Et finalement, Fernand SCHWARZ donne une définition plus complète de la géographie sacrée : « Une conception du monde marquée par la notion d'Unité et la cohésion : tout est lié à tout, tout a un sens et une orientation ; non seulement dans l'espace, mais également dans le domaine pratique, psychique et spirituel. […] Le jeu de résonances qui crée la Géographie sacrée n'est ni une Géographie terrestre, ni une Géographie céleste ; ainsi, la Jérusalem terrestre n'est qu'un reflet de la Jérusalem céleste. Décor et structure sont éternels, transcendants : il s'agit d'en retrouver les éléments, les analogies, la résonance dans le plan terrestre. La Géographie sacrée est le fil invisible qui relie la géographie céleste à la géographie terrestre, le plan idéal au plan réel ; elle leur donne une orientation. »
Neak Pean (Cambodge), représentation du Mont Sacré et de l'Océan primordial (photographie H.Pornon)
La géographie sacrée terrestre fait donc référence à une géographie sacrée mythique (céleste). Comme le signale par exemple Hedwige MULTZER ("Les temples du Cambodge : Architecture et Espace sacré"), « Le temple khmer se présente comme la réinterprétation originale du modèle architectural indien, dont la fonction première est d'offrir aux dieux une demeure sur terre, réplique de celle qu'ils occupent dans les cieux. Cette dernière prend place au sommet d'une montagne mythique, le Mont Meru, considéré comme l'axe du monde. Le sanctuaire, qui abrite l'image du dieu principal dans le temple central, réceptacle de sa présence, est censé reproduire à l'échelle humaine cette vision cosmique du monde. » Et il s’agit d’une véritable géographie mythique, car comme le précise le même auteur : « Le temple central symbolise le Mont sacré, les enceintes représentent les chaînes de montagne et la douve, l'Océan primordial ». Elle évoque également le fait que « Le symbolisme de la montagne sacrée n'est pas seul représenté par la composition architecturale des sanctuaires, même s'il est prédominant dans la composition. Certains monuments matérialisent d'autres aspects de l'interprétation cosmologique de l'Univers. Neak Pean (un temple de la région d'Angkor Vat) […] représente un lac sacré de la mythologie bouddhique situé dans la région himalayenne ».

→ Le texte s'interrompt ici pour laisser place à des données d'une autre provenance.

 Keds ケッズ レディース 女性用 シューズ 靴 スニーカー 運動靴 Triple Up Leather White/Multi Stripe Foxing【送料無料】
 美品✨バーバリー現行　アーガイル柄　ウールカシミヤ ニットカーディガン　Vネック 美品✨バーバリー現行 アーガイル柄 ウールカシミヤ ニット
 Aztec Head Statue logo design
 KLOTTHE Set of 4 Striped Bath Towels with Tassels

L’une et l’autre sont donc indissociables, car la géographie sacrée terrestre reproduit sur terre la géographie sacrée mythique et céleste. On peut même identifier deux façons de sacraliser un lieu terrestre. La première, qui va du terrestre au céleste, consiste à sacraliser un site (naturel ou aménagé par l’homme) de façon à le dédier à la divinité. C’est plutôt la démarche de la religion chrétienne et de l’Islam. La seconde, qui va du céleste au terrestre, consiste à reproduire sur terre les symboles de la géographie mythique (céleste) de façon à permettre la descente sur terre de la divinité. C’est plutôt la démarche des religions bouddhiste et hindouiste, ainsi que le remarque Paul MUS dans son monumental ouvrage "Barabudur". « Une concentration du dharma au centre du royaume, image du monde, et le passage du royaume, équivalent mystique du monde, sous le dharma, c'est ainsi que nous apparaît l'adaptation bouddhique d'un symbolisme du territoire royal attesté, en Asie, dans de vastes domaines ».

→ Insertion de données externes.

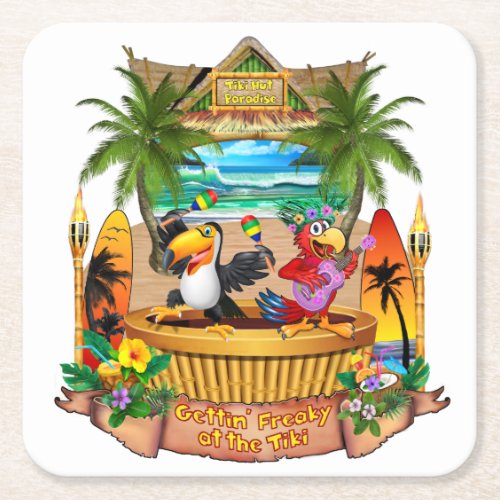 GETTIN FREAKY AT THE TIKI SQUARE PAPER COASTER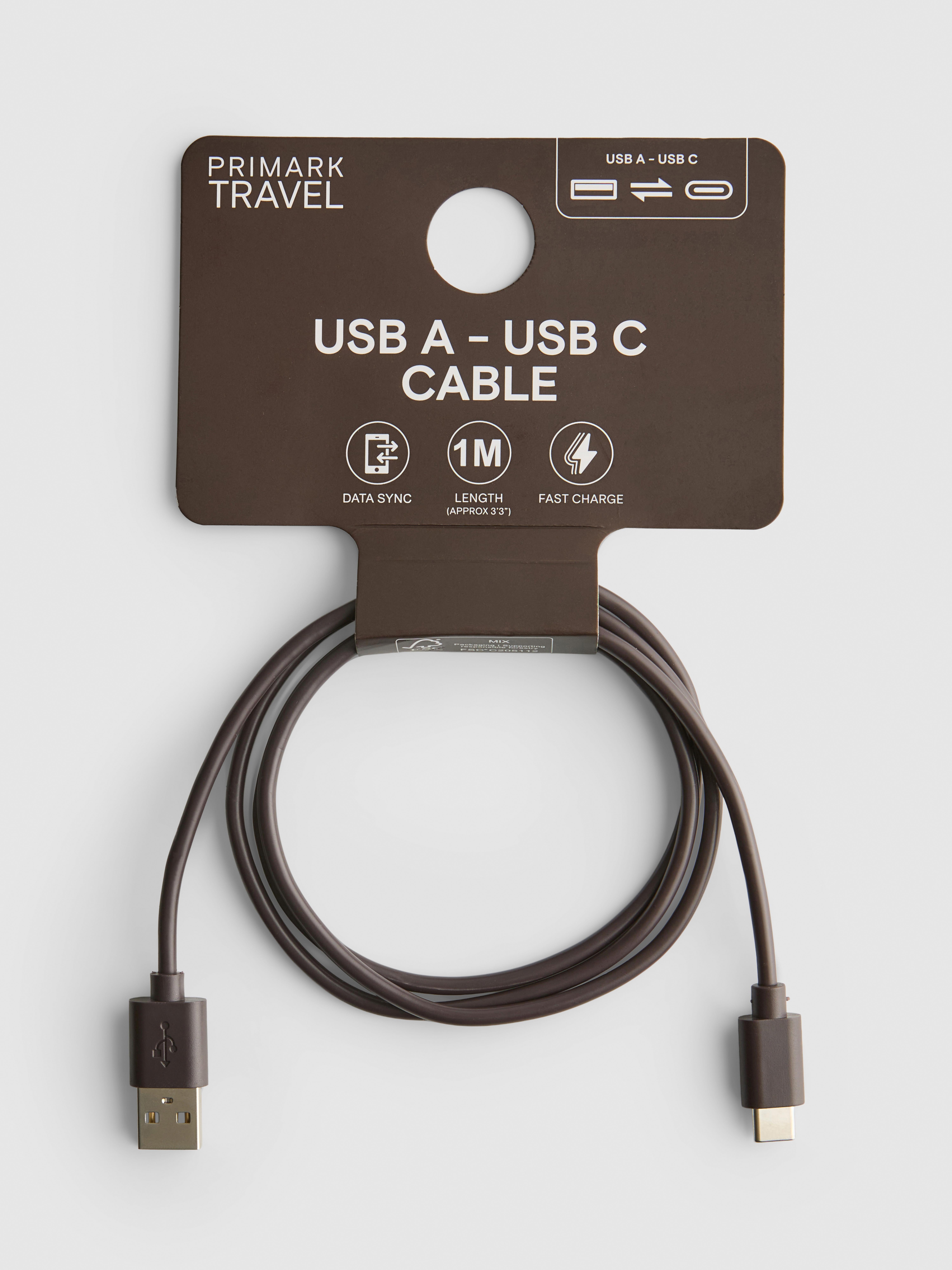 1m USB-A To USB-C Cable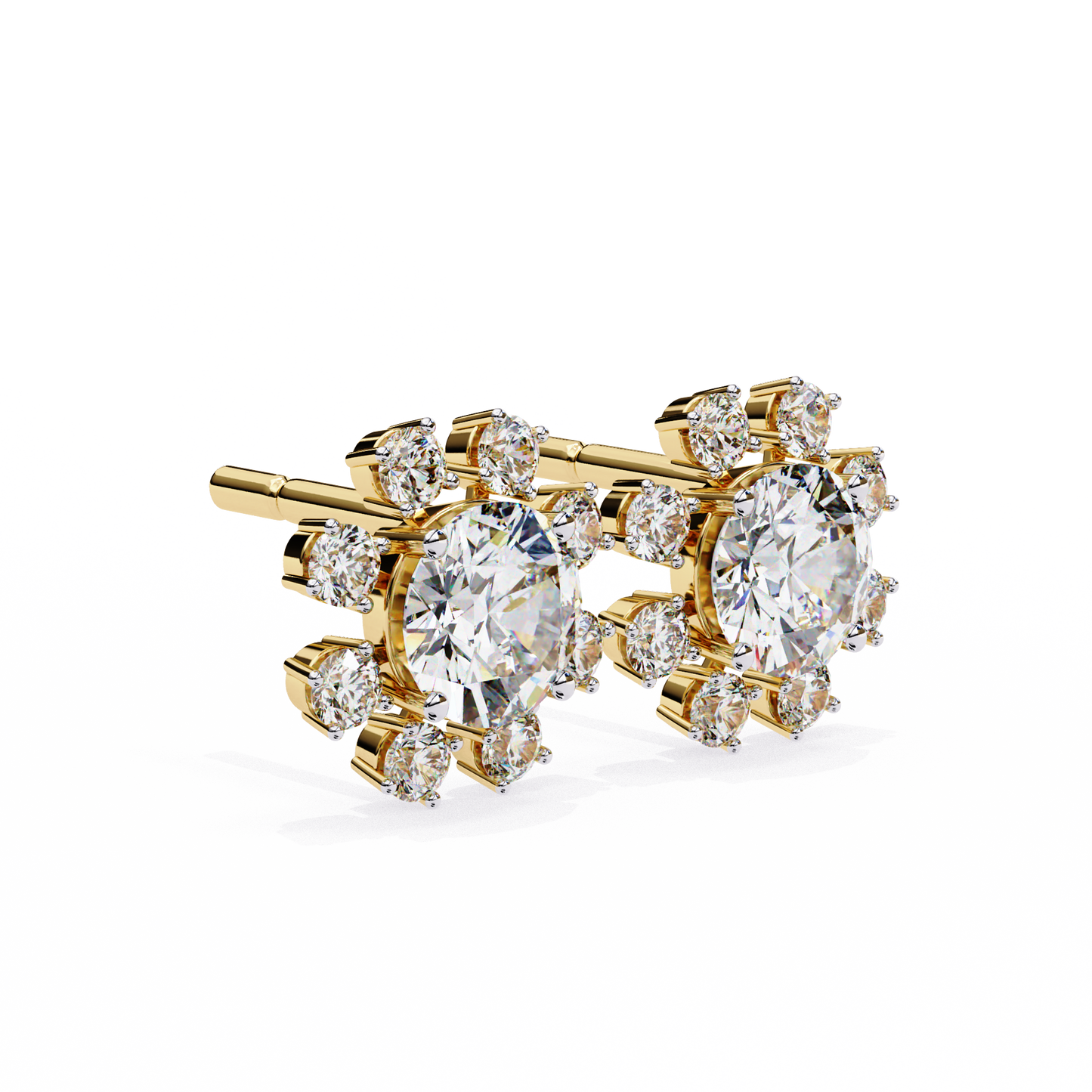 1.22Ct Round Cut Lab Grown Diamond Flower Shape Elegant Sparkling Vintage Engagement Stud Earring Gift For  Women's - HIGHCARAT DIAMONDS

Il convient d'ajouter à ces deux dimensions de la géographie sacrée, dans lesquelles l'homme aménage un espace pour le sacraliser, celle dans laquelle il reconnaît par des signes ou symboles, le caractère sacré d'un lieu ou d'un ensemble de lieux : il peut par exemple s'agir d'un lieu géographiquement singulier (on pense ici à quelques collines ou montagnes ayant une configuration particulière, ou encore d'un ensemble de lieux dont l'association forme également une configuration particulière (constellations de temples par exemples).